I am curious how others are handling their effort to subvert expectations in support writing humor and/or horror. From my perspective, they are largely similar executions that differ mostly in outcomes. And, how much do you invest in creating the drop for both. I tend to think of three sign posts given before the punchline or scare. What do you think?
I always try to subvert expectations (doesn't mean I succeed!), but I don't overthink things, I just let myself flow and naturally feel what's right. I don't write horror or humor though, I write fantasy. Sorry, that's not much help 🙁
Fairy tales are more than true: not because they tell us that dragons exist, but because they tell us that dragons can be beaten - Neil Gaiman
I tend to think of three sign posts given before the punchline or scare.
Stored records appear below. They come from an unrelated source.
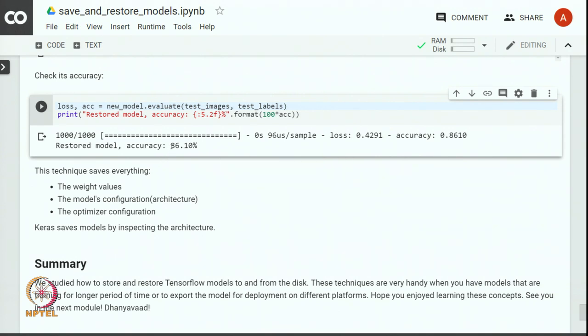This technique saves everything — weights, model configuration, and optimizer configuration — and Keras saves the model by inspecting its architecture. In this module we studied how to store and restore TensorFlow models to and from the disk. These techniques are very handy when you have models that are training for a long period of time or to export a model for deployment on different platforms. Hope you enjoyed learning these concepts. See you in the next module.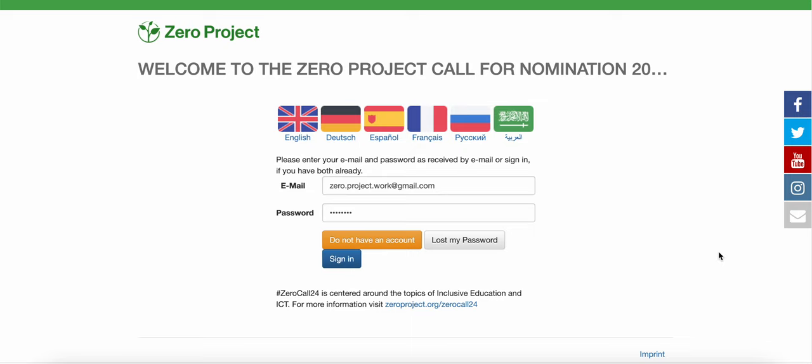This is an explainer video on how to nominate more than one project for the Zero Project call for nominations 2024. Once you have already submitted your first or second nomination, head back to the nomination platform and log in with your credentials.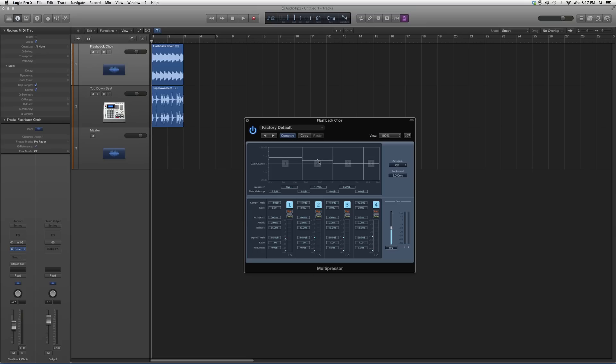So you got your low, your mid, your high, your mid highs, and your highs. Basically, you're going to pick which one you want to raise, and you can also compress them at the same time.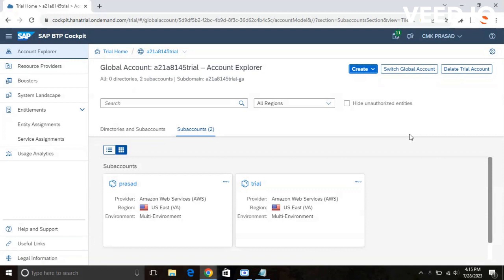In this video, I am going to demonstrate how to create a new user in BTP, how to assign roles to the new user, and how to install your Cloud Foundry command line interface and add API endpoint in your command prompt. So let's begin the video.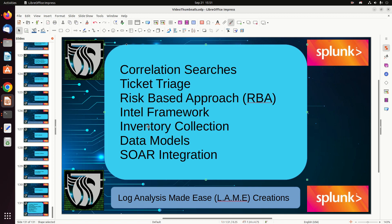Once your data is CIM-compliant, you can search across all of it without knowing what each log calls its fields. If you want to find a source IP across Palo Alto logs and Zeek logs, you just search the data model — because you've aliased them to the same common names. Logs can have a million different field names for 'source IP,' and data models solve that. Enterprise Security relies heavily on data models for all its correlation searches, triage, and deep dives.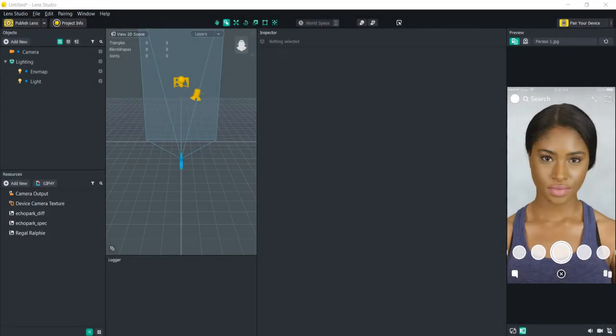Hello everyone and welcome to another Lens Studio tutorial. In this video we are going to be focusing on the scripting aspect in Lens Studio. The great thing about using scripting in Lens Studio is that you can extend the functionality of the software a lot and really customize your experience.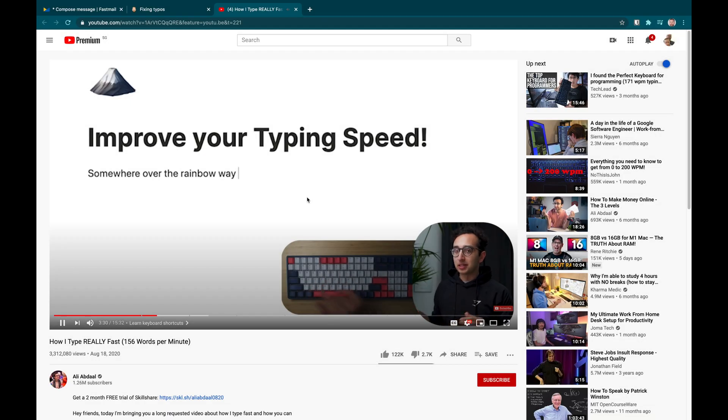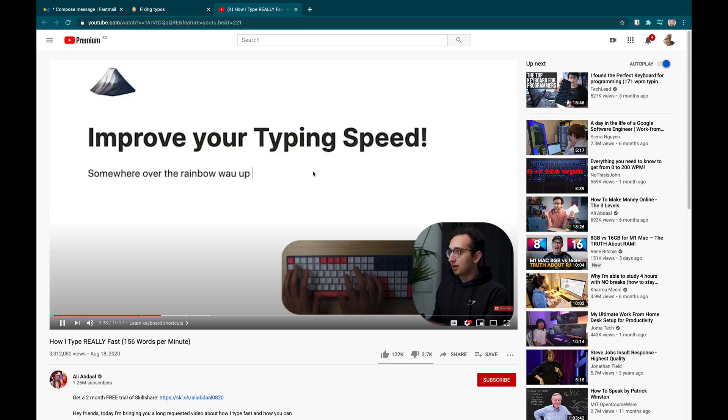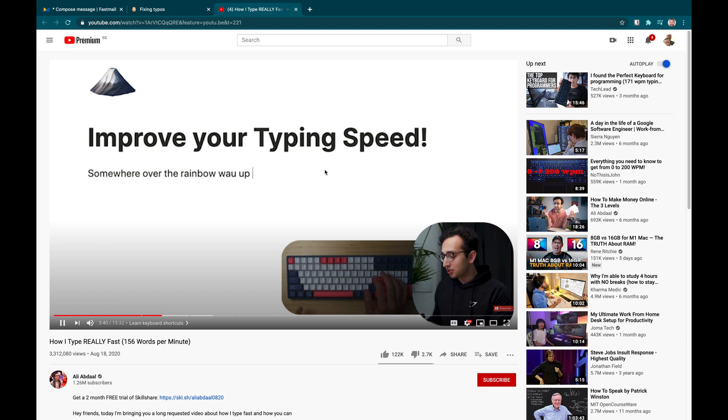A general tip for improving your typing is that whenever you find yourself using backspace more than twice, there's probably a better way of doing it. So if I take that typo back, what I'm going to do is use option and backspace. Option and backspace.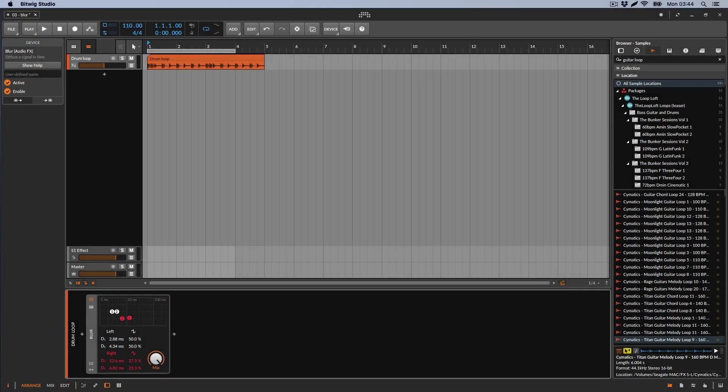Welcome back to another Bitwig device. This one is a little bit confusing — we're going to talk about the Blur. It's a bit confusing because we think it makes something super specific and magical, but it's just very simple: it's just a delay. As you know, you can create a widening effect with a delay.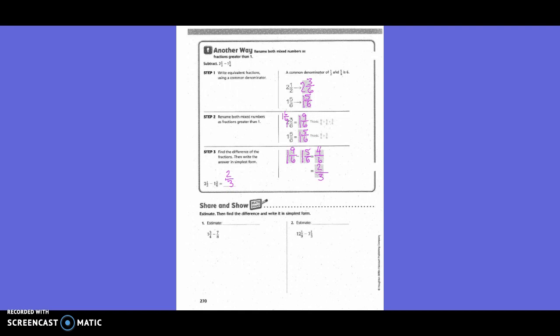Share and Show. Estimate, then find the difference and write it in simplest form. What are we going to estimate 1 and 3/4 to? 2. Minus — what are we going to estimate 7/8 to? 1. So 2 minus 1 equals 1. Now write it vertically: 1 and 3/4 minus 7/8. What's our new denominator? 8. We keep 7/8. For 1 and 3/4, how do we get from 4 to 8? Times 2. So 3 times 2 is 6/8. But can I take 6/8 minus 7/8? No — 7/8 is bigger.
Could you perhaps expand on this a bit? Your post is a bit vague.
I think in humor you have to be funny or humorous throughout, or it wouldn't gel, and besides, what else are you doing with the rest of the time?
I wonder what this has to do with the seven point plot, and three try/fail cycles; I suspect they're very much related.
Success is going from failure to failure without loss of enthusiasm ~ Winston Churchill
V37: R, R, R, HM
V38: SHM
Three sign posts is the idea that you have to have suggested something was possible before you can use it. As in: You need to get across the bay. You are sitting in the parking lot of a ferry, but you're afraid of water so you'd rather take the bridge or drive around. You get on the highway to get across the bridge, but end up in a traffic jam behind a boat, so you turn around and try to drive around the south end of the bay only to find yourself hemmed in by a wildfire that's closed the highway, so you end up in a rest stop complaining to your shrink about the challenge of getting across the bay, when the guy next to you says, "Hey, I'm the captain of the afternoon ferry, it's perfectly safe."
Now that's a wild exaggeration, but over the course of the story I've reminded you that you can get across the bay on a boat three times.